» Exercise directions:
From the line containing "More Photos Of" to the last line of the records below, repeat every line exactly and add nothing else.

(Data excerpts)
>>

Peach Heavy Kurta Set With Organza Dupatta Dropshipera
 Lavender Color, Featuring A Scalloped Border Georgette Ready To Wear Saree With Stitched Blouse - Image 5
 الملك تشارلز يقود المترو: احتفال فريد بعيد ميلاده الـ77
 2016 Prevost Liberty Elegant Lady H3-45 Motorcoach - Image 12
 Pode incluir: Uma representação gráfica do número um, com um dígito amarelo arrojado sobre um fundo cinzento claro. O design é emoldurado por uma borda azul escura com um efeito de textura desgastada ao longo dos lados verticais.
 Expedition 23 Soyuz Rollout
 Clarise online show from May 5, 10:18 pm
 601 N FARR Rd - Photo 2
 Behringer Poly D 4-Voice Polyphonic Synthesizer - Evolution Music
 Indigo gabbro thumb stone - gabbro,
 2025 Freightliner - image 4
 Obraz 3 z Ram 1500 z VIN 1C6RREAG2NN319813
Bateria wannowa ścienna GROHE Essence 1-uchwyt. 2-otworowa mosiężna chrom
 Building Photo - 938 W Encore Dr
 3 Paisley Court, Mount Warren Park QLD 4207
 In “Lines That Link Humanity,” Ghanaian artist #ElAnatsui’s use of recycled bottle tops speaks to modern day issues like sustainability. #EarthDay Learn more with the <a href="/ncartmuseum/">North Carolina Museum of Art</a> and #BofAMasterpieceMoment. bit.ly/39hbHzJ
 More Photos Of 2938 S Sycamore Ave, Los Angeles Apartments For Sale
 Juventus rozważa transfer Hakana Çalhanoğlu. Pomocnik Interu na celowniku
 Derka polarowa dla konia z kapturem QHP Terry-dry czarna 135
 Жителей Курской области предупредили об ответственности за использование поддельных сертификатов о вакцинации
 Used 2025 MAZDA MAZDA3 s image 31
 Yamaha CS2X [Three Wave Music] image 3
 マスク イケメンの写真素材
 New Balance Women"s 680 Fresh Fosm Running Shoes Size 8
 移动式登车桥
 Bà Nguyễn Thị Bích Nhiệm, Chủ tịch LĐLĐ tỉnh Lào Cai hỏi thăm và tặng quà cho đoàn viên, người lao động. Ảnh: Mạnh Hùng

<<

» Response:
 More Photos Of 2938 S Sycamore Ave, Los Angeles Apartments For Sale
 Juventus rozważa transfer Hakana Çalhanoğlu. Pomocnik Interu na celowniku
 Derka polarowa dla konia z kapturem QHP Terry-dry czarna 135
 Жителей Курской области предупредили об ответственности за использование поддельных сертификатов о вакцинации
 Used 2025 MAZDA MAZDA3 s image 31
 Yamaha CS2X [Three Wave Music] image 3
 マスク イケメンの写真素材
 New Balance Women"s 680 Fresh Fosm Running Shoes Size 8
 移动式登车桥
 Bà Nguyễn Thị Bích Nhiệm, Chủ tịch LĐLĐ tỉnh Lào Cai hỏi thăm và tặng quà cho đoàn viên, người lao động. Ảnh: Mạnh Hùng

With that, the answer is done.